Task prompt: Output word for word the lines from the one with "Casa à venda" to the final line of the data, both ends included, but skip the pictures.

Saved entries
====
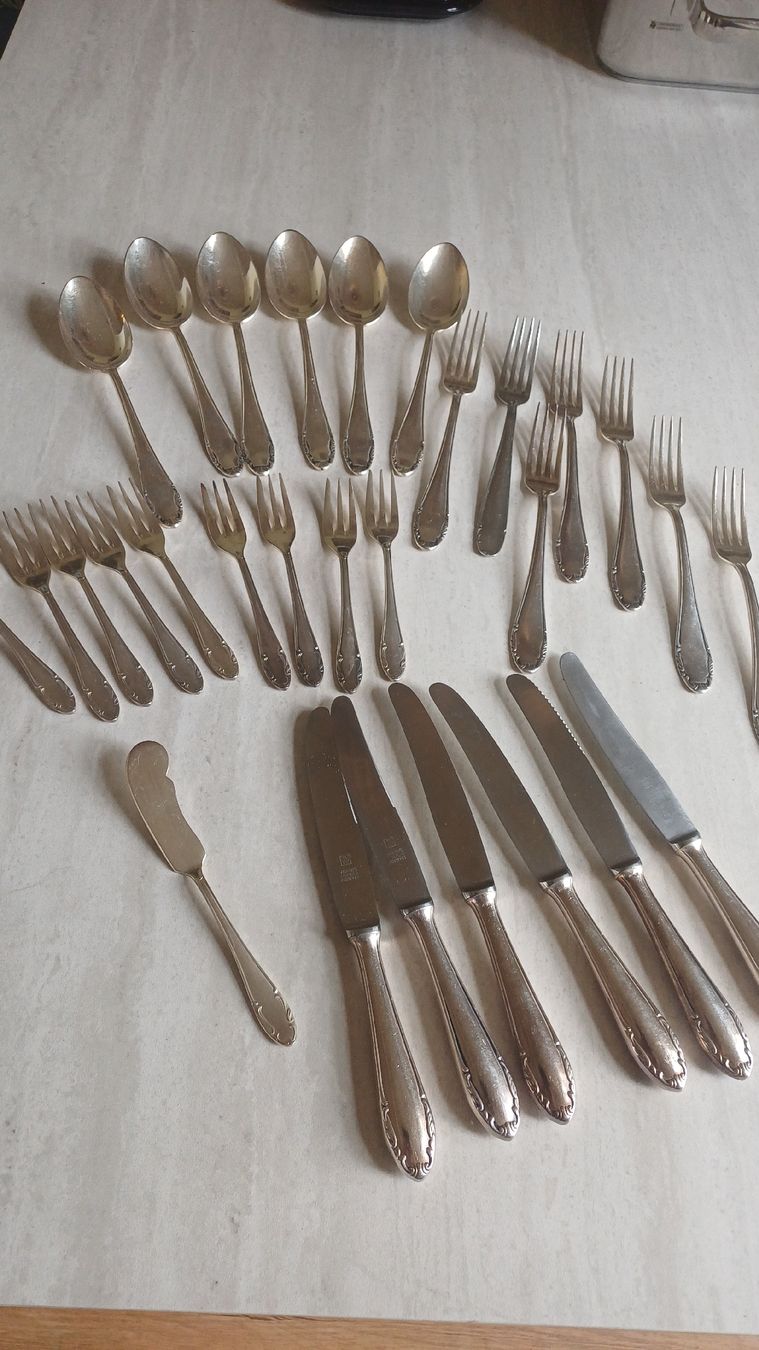 Set di posate: Schönes  Silberbesteck  – Usato da Flawil venduto da Naphtali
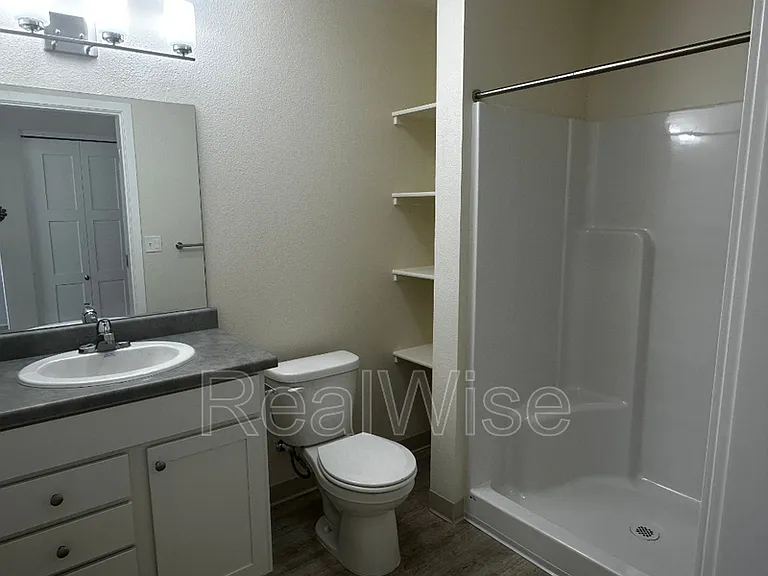 1935 Table Rock Rd #4 — Photo 13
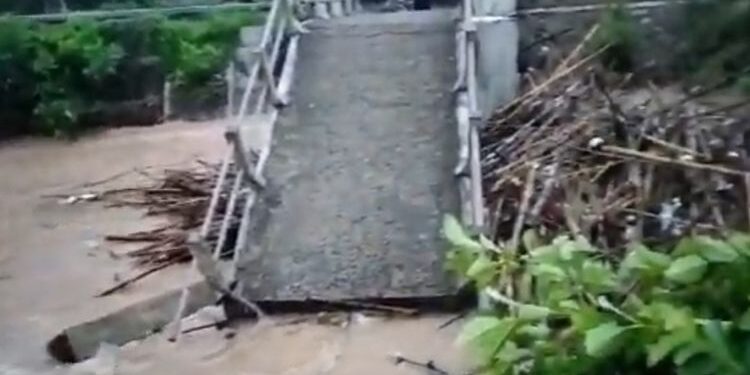 Jembatan Penghubung Antardesa di Kebumen Ambruk Lantaran Hujan Deras (foto/ist)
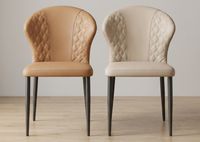 Chaise de salle à manger en cuir de luxe léger avec dossier incurvé ergonomique et structure métallique robuste pour hôtel et restaurant
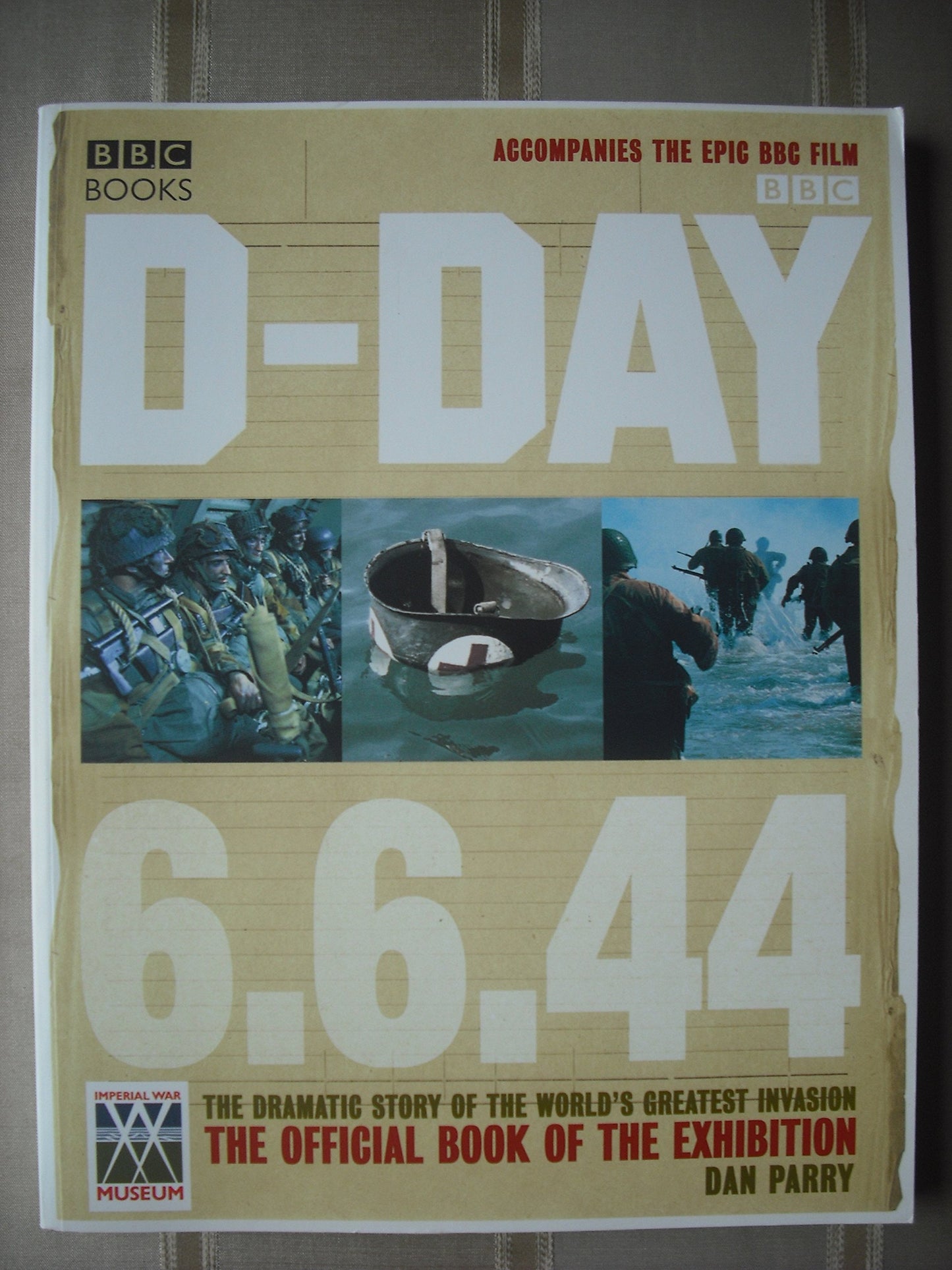 D-Day: The Dramatic Story of the World's Greatest Invasion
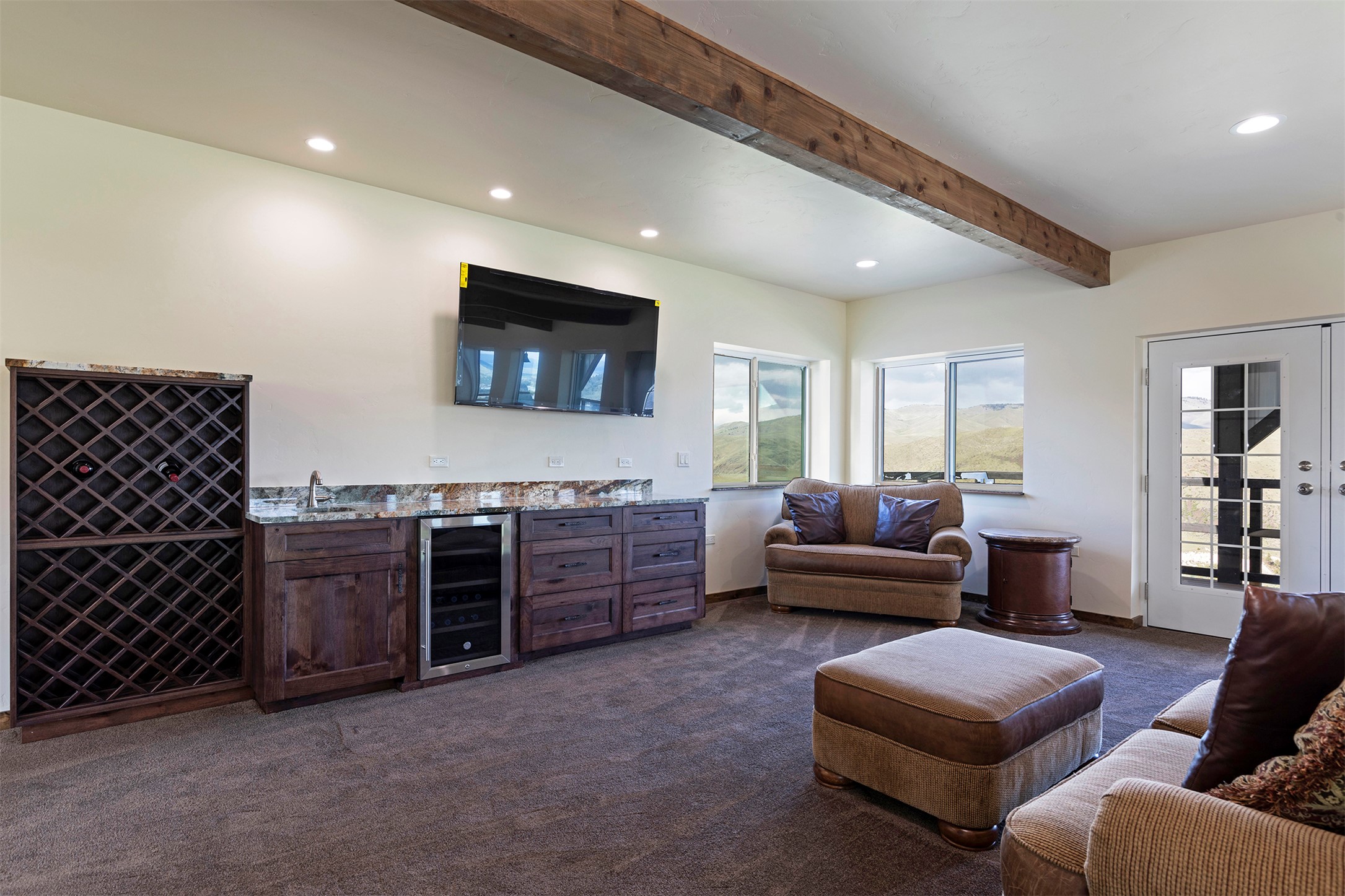 Dixon, Montana 59831, United States, 3 Bedrooms Bedrooms, ,2 BathroomsBathrooms,Residential,Active,181357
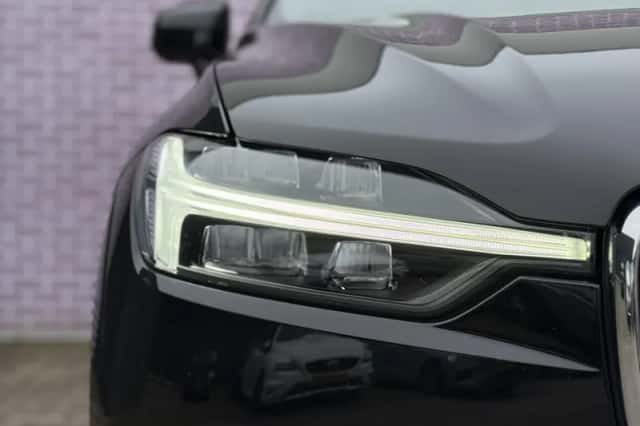 Volvo XC60 (2021) thumbnail 7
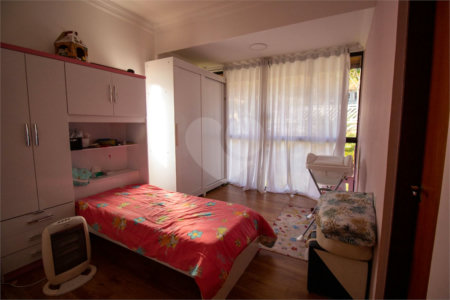 Casa à venda com 3 quartos, sendo 2 suítes,  em Alto da Serra (mailasqui), São Roque, SP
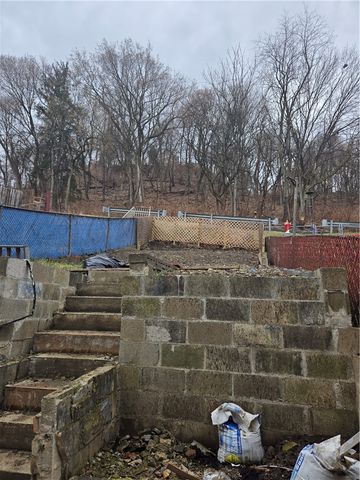 5614 Donson, Lawrenceville, PA 15201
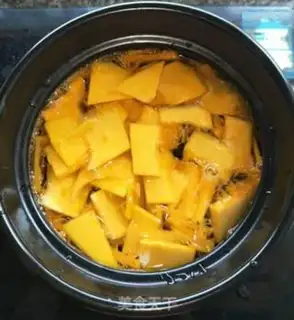 Make Pumpkin green bean soup step 2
====
Expected answer:
 Casa à venda com 3 quartos, sendo 2 suítes,  em Alto da Serra (mailasqui), São Roque, SP
 5614 Donson, Lawrenceville, PA 15201
 Make Pumpkin green bean soup step 2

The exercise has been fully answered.